___ Records for this exercise
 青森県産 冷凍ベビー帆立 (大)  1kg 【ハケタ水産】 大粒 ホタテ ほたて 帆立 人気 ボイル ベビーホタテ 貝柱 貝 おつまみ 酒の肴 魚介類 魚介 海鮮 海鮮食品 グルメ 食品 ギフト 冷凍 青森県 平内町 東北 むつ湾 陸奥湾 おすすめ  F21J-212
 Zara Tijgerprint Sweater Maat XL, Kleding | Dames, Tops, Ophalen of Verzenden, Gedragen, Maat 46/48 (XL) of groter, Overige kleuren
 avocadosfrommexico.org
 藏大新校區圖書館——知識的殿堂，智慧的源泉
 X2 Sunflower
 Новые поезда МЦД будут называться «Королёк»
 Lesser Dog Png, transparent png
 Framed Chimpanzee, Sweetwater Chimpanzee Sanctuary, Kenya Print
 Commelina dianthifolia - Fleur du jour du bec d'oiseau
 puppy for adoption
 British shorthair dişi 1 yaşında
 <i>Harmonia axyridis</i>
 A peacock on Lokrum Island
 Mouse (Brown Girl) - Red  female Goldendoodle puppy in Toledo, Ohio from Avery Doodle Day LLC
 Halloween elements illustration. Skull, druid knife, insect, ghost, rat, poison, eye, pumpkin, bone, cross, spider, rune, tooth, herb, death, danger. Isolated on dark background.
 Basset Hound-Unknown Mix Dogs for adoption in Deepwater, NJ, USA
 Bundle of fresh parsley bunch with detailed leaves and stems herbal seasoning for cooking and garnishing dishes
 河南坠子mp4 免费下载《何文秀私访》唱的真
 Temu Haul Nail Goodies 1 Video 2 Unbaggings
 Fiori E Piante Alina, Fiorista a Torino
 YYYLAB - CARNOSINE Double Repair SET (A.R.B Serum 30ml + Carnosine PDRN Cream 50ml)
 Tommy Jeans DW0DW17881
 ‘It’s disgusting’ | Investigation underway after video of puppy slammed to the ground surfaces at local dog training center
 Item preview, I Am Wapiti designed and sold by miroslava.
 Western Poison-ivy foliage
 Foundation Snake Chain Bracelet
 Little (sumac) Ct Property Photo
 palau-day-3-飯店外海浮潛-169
______
Set down the entries above again, word for word.

### Output
 青森県産 冷凍ベビー帆立 (大)  1kg 【ハケタ水産】 大粒 ホタテ ほたて 帆立 人気 ボイル ベビーホタテ 貝柱 貝 おつまみ 酒の肴 魚介類 魚介 海鮮 海鮮食品 グルメ 食品 ギフト 冷凍 青森県 平内町 東北 むつ湾 陸奥湾 おすすめ  F21J-212
 Zara Tijgerprint Sweater Maat XL, Kleding | Dames, Tops, Ophalen of Verzenden, Gedragen, Maat 46/48 (XL) of groter, Overige kleuren
 avocadosfrommexico.org
 藏大新校區圖書館——知識的殿堂，智慧的源泉
 X2 Sunflower
 Новые поезда МЦД будут называться «Королёк»
 Lesser Dog Png, transparent png
 Framed Chimpanzee, Sweetwater Chimpanzee Sanctuary, Kenya Print
 Commelina dianthifolia - Fleur du jour du bec d'oiseau
 puppy for adoption
 British shorthair dişi 1 yaşında
 <i>Harmonia axyridis</i>
 A peacock on Lokrum Island
 Mouse (Brown Girl) - Red  female Goldendoodle puppy in Toledo, Ohio from Avery Doodle Day LLC
 Halloween elements illustration. Skull, druid knife, insect, ghost, rat, poison, eye, pumpkin, bone, cross, spider, rune, tooth, herb, death, danger. Isolated on dark background.
 Basset Hound-Unknown Mix Dogs for adoption in Deepwater, NJ, USA
 Bundle of fresh parsley bunch with detailed leaves and stems herbal seasoning for cooking and garnishing dishes
 河南坠子mp4 免费下载《何文秀私访》唱的真
 Temu Haul Nail Goodies 1 Video 2 Unbaggings
 Fiori E Piante Alina, Fiorista a Torino
 YYYLAB - CARNOSINE Double Repair SET (A.R.B Serum 30ml + Carnosine PDRN Cream 50ml)
 Tommy Jeans DW0DW17881
 ‘It’s disgusting’ | Investigation underway after video of puppy slammed to the ground surfaces at local dog training center
 Item preview, I Am Wapiti designed and sold by miroslava.
 Western Poison-ivy foliage
 Foundation Snake Chain Bracelet
 Little (sumac) Ct Property Photo
 palau-day-3-飯店外海浮潛-169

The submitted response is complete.